Museums and Brexit
Hartwig Fischer: ’In uncertain times the British Museum becomes ever more important in helping us understand how we got here.’ Photo: Alamy.
Maev Kennedy, British Museum even more vital after Brexit, says Hartwig Fischer, The Guardian, 1 July 2016
British Museum director repeats case for keeping Parthenon marbles after record-breaking year as UK’s top tourist attraction.
The new director of the British Museum, Hartwig Fischer, who took over after a record-breaking year at the museum just 12 weeks before the Brexit vote, has predicted that its role will be more essential than ever in the wake of the referendum.

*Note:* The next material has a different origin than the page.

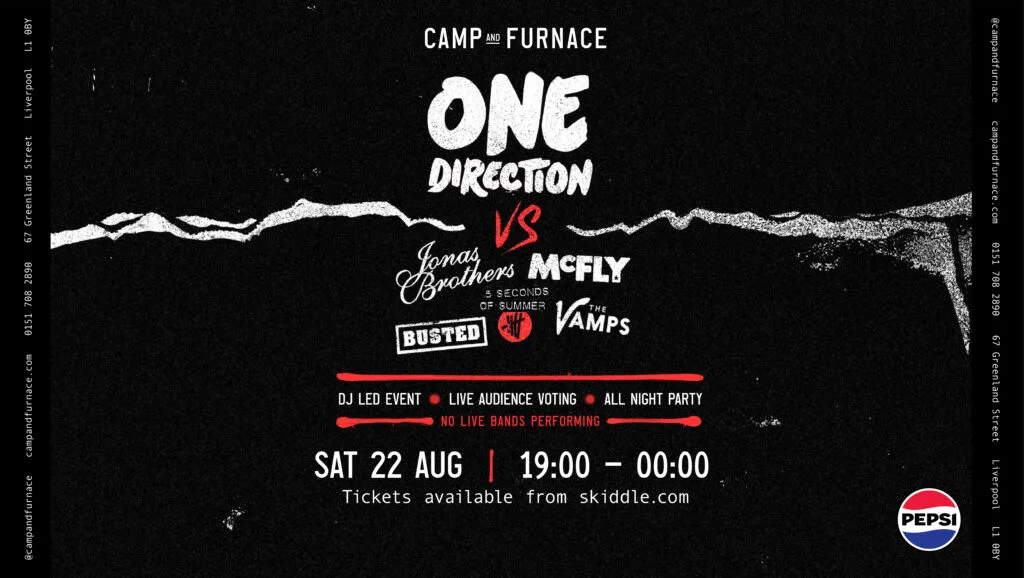 One Direction Vs… at Camp & Furnace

“I think in uncertain times the British Museum becomes ever more important in helping us understand how we got here and how we proceed in the future, within this country and in the context of Europe and the world,” Fischer, who is German, said.
The museum in Bloomsbury, central London, had just under 6.9 million visitors, and a further 7.7 million people saw objects from the collection at touring exhibitions and loans outside London. The figures make it the leading visitor attraction in the UK for the ninth year, and the second most visited museum in the world.
The museum’s trustees are still trying to tease out the implications of Brexit in terms of EU-funded research projects, corporate and private funding and international loans, but Fischer pledged that both free admission and its partnerships with other museums in the UK and across the world would be maintained.